# Sunken Jeep in the Keys



## brando (Jan 6, 2020)

So I was out exploring a remote trail in the keys on my motorcycle yesterday when I found this sweet little campsite with a bench. I noticed something odd in the water, only to realize it was a fully submerged Jeep!

Just thought you guys might find it interesting. I hope to explore the area with a boat in the near future. I guess 4x4 just isn't enough sometimes...


----------



## Matt Derrick (Jan 7, 2020)

that's funny someone must have just said 'fuck it' and left it.


----------



## brando (Jan 7, 2020)

Matt Derrick said:


> that's funny someone must have just said 'fuck it' and left it.


I really wanted to take a dinghy out there and check the lagoon out better, but it'll be too much of a stretch in borrowed dinghy. Probably would be a doable overnighter. I think I'll head back later in the week with a mask and snorkel. Might even be some goodies in the glove box!


----------



## roughdraft (Jan 7, 2020)

i have a real penchant for this type of 'urban' decay becoming a 'natural' relic. I think it took root when I was out kayaking at low tide and ended up poking a paddle into a small sunken rowboat.

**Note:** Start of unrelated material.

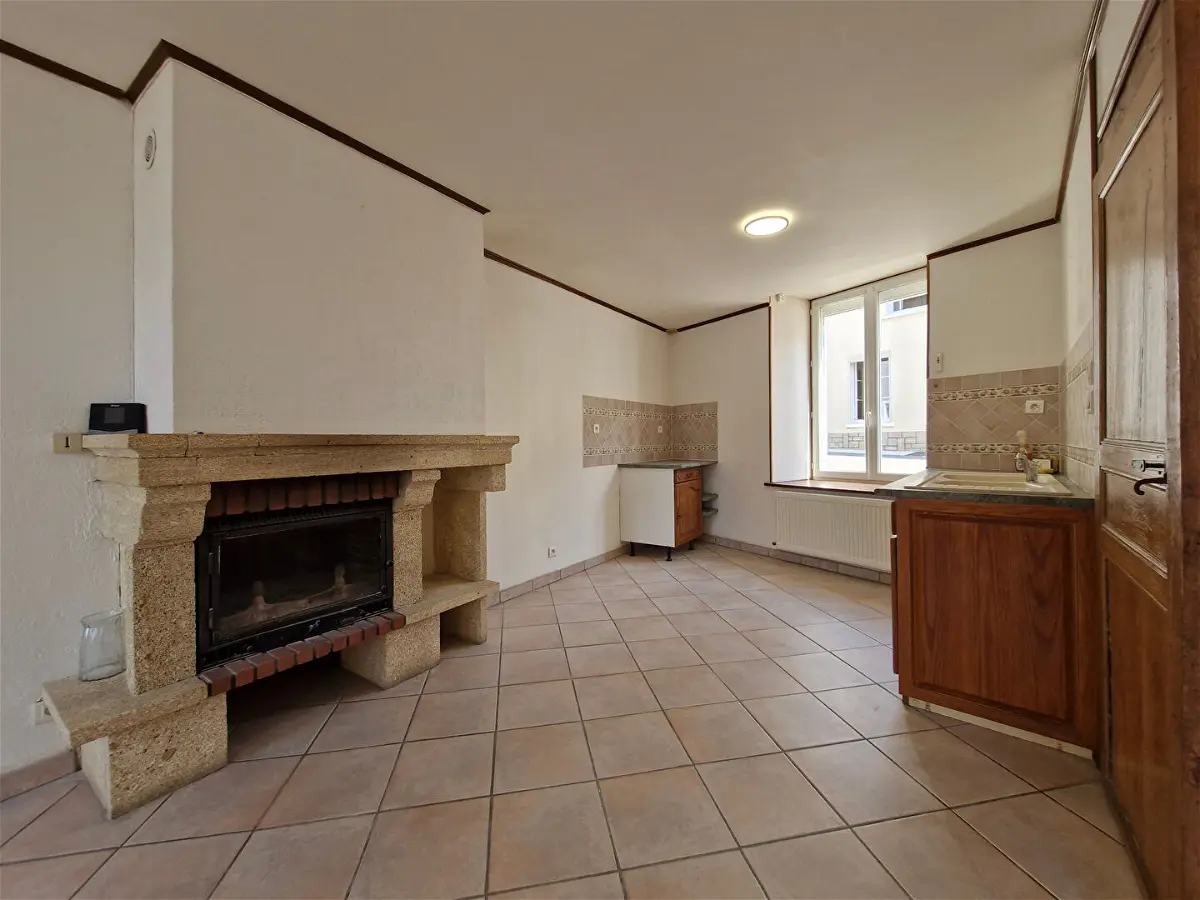 appartementà NOGENT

Somehow really enticing just the sight of these things


----------



## blank (Jan 7, 2020)

See if it'll start.


----------



## brando (Jan 7, 2020)

blank said:


> See if it'll start.


Just scrape dem barnacles out da intake and give 'er a few good squirts of ether, she'll purr like a kitten!


----------



## brando (Jan 11, 2020)

Went back and snorkeled around it bit. Glove box was already open🙁
But there were probably 1000+ fish all around and inside it, so that was cool. Wish I had a submersible camera!


----------